What the exercise asks → Nothing outside the stretch is wanted. Repeat exactly the lines of the listing below from the one that contains "Colonie Lorenti after" through the one that contains "AIDPRI - Memento", both ends included.

Provided entries →
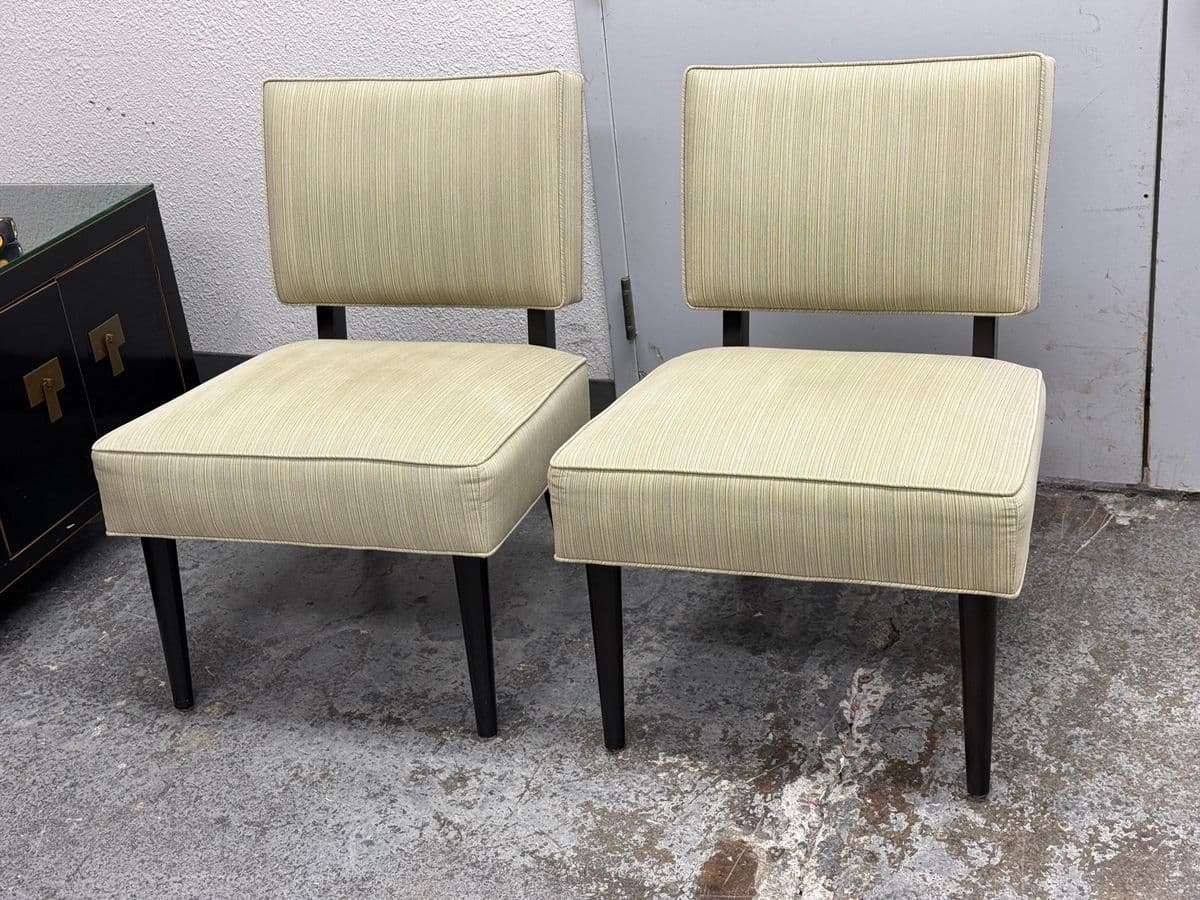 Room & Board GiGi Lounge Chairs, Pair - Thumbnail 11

* * *

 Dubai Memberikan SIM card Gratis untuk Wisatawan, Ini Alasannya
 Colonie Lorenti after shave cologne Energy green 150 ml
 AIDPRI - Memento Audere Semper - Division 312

Reply →
 Colonie Lorenti after shave cologne Energy green 150 ml
 AIDPRI - Memento Audere Semper - Division 312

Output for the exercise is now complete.